The Old Course at St Andrews hosts The Open Championship approximately once every five years. Each occasion generates a volume of global attention, broadcast audience, and on-site demand that is categorically different from any other venue on the rota. A St Andrews Open is not simply a golf tournament. It is a civilisational event for the sport — the game returning to the ground where it was invented, in a setting of such resonant historical complexity that even non-golfers recognise its significance.

This brief gives you the hard information: what makes a St Andrews Open architecturally distinct, what the R&A typically does to the course setup, how to plan your travel around the tournament, and — crucially — what happens to the Old Course ballot in the weeks surrounding Open week.

Why St Andrews Opens Are Different From Every Other Major

The Old Course is the only venue in major championship golf that functions simultaneously as a municipal public park. It is owned by the St Andrews Links Trust, a public charitable body. When the Open is not being staged, local residents walk their dogs across the 1st and 18th fairways on Sundays. The greenkeepers do not own the land. The rules governing its use are established by public charter.

This means a St Andrews Open requires the temporary transformation of publicly accessible common land into a championship facility — a logistical exercise that the R&A undertakes with extraordinary precision but which creates genuine peculiarities that other Open venues do not face. The town is more deeply integrated with the course than at Birkdale, Portrush, or Hoylake. The infrastructure cannot be hidden. The spectator experience on the 1st and 18th — where the stands are essentially built into the town — is unlike anything else in golf.

Architecturally, the Old Course presents a strategic challenge that the R&A resolves differently each time: how do you make a 7th-century-evolved links that was designed for hickory clubs challenge modern professionals who hit 9-irons 200 yards? The answer involves extreme course conditioning (firm, fast, running in ways that reward ground-game play), selective hole location choices that reward accuracy rather than distance, and wind — the variable the R&A cannot control but which defines whether a St Andrews Open becomes a birdie-fest or a genuine test.

The Road Hole (17th) — Where The Open Is Decided

Every St Andrews Open resolves itself, at some point, at the 17th hole. The Road Hole par-4 is the most famous individual hole in golf — a 495-yard examination that requires a blind drive over the corner of the Old Course Hotel, an approach to a green guarded by the most fearsome pot bunker in the world (the Road Bunker), and a putting surface bounded by a public road that is technically in play.

For 2027, the R&A will set the tee box, pin position, and wind direction relative to the hole's demands. What they cannot alter is the fundamental architecture: the Road Hole will punish the players who attempt an approach to a pin tucked left over the bunker, and reward the ones disciplined enough to play to the centre-right of that green and accept a long putt. Over the history of Open Championships at St Andrews, the Road Hole bunker has ended more title challenges than any other hazard on any other course in the world.

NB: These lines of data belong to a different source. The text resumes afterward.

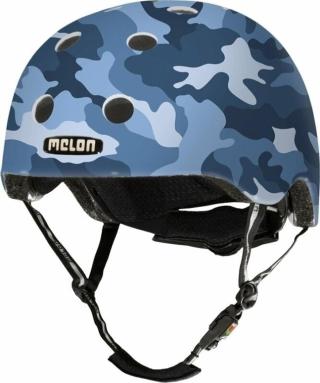 Melon Urban Active Kids Camouflage Blue XXS/S Dětská cyklistická helma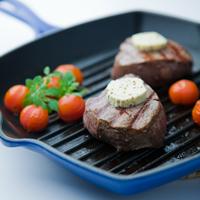 Beef Fillet with Garlic & Mustard Butter_image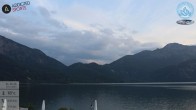 Archiv Foto Webcam Kristall Trimini: Kochelsee und Herzogstand 19:00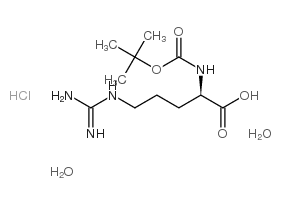  BOC-D-精氨酸盐酸盐单水合物204070-00-8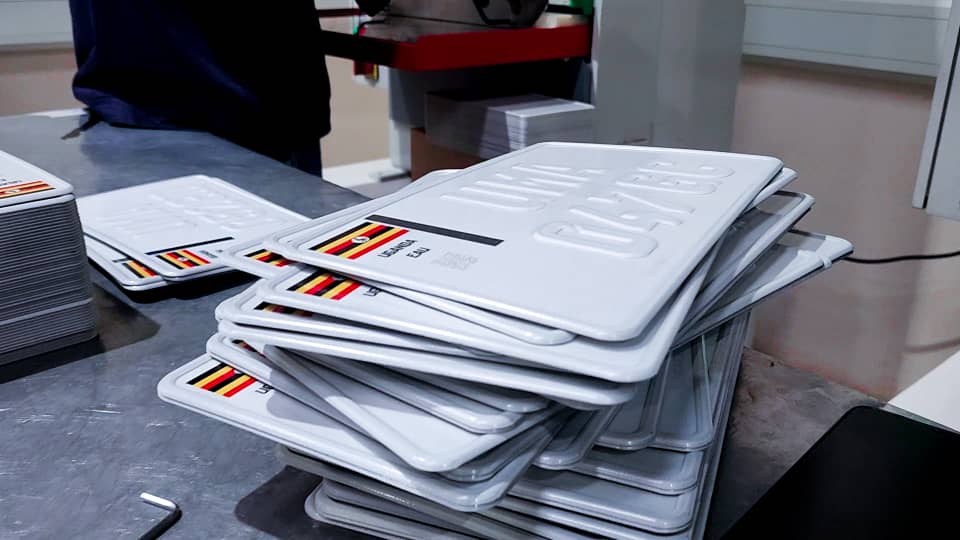 Digital Plates Shortage Frustrates Ugandan Motorists, Dealers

The 2027 Ticket and Travel Reality

Open Championship tickets for St Andrews are allocated via a ballot system run by the R&A. The ballot for 2027 will open — based on previous cycles — in autumn 2026, approximately 9-10 months before the championship. The ballot is free to enter and oversubscribed by a factor of several thousand percent for the most desirable sessions (Saturday and Sunday of championship week, which in 2027 will likely be mid-July).

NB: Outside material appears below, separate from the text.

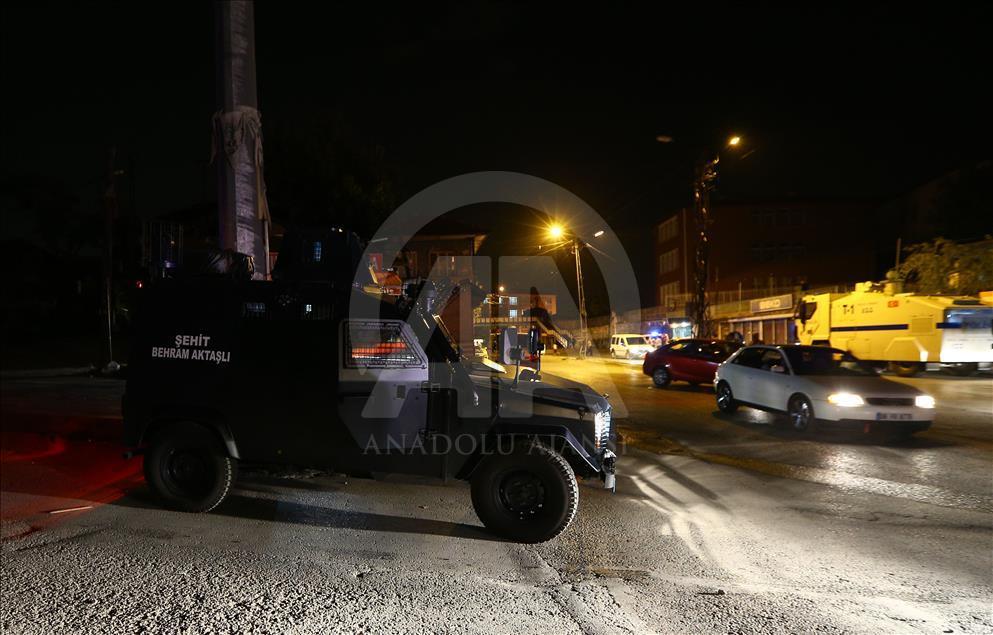 Başkentte "huzur operasyonu"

Practice round tickets are available separately and are significantly easier to secure. For visiting golfers who want to experience the atmosphere without competing in a ticket ballot, practice round access — typically Monday, Tuesday, and Wednesday of championship week — provides the full Old Course experience, with the added advantage of seeing the world's best players at close range during warm-up rounds that are genuinely accessible and far less crowded than tournament days.

Hotel and accommodation in St Andrews and the surrounding Kingdom of Fife during Open week requires 12-18 months of forward planning. The town has limited stock and the demand profile resembles a major festival rather than a sporting event. Cupar, Dundee, and Edinburgh all serve as viable base camps, with transport to St Andrews manageable by rail (Edinburgh Waverley to Leuchars, 50 minutes, then taxi or shuttle) or road.

The Visiting Golfer's Dilemma — When to Play the Old Course

The 48-hour ballot for the Old Course closes during Open week itself — the course is inaccessible. In the weeks immediately surrounding the tournament (June and the first week of July 2027), the course will also be in its final preparation phases and visitor access is typically restricted or eliminated.

The optimal window to play the Old Course around a St Andrews Open: either early in the year (March through May) when the course is building toward championship condition and the ballot is less saturated, or in September of the same year when the course has recovered from Open week and is playing in its autumn condition. The week after the Open historically produces some of the finest playing conditions of the year — the course is groomed to championship standard and the tourist pressure drops immediately post-tournament.

The Vault Line

The September Week After: The Best Kept Secret in St Andrews Golf

The week immediately following the 2027 Open Championship — approximately the third week of July 2027 — is the single best time to play the Old Course in a St Andrews Open year. The course will have been maintained to championship standard for 12 months. Tournament preparation leaves the fescue in its finest condition. The village will be quiet after a fortnight of global disruption. The ballot will have far fewer applicants than any week in June or July. Hotel rates will drop back to normal pricing. Golfers who plan their St Andrews trip for the week after the Open consistently report playing the course in the finest conditions of their experience. This is not a coincidence — it is the residual effect of championship preparation, available for the price of a regular visitor green fee and a 48-hour ballot entry.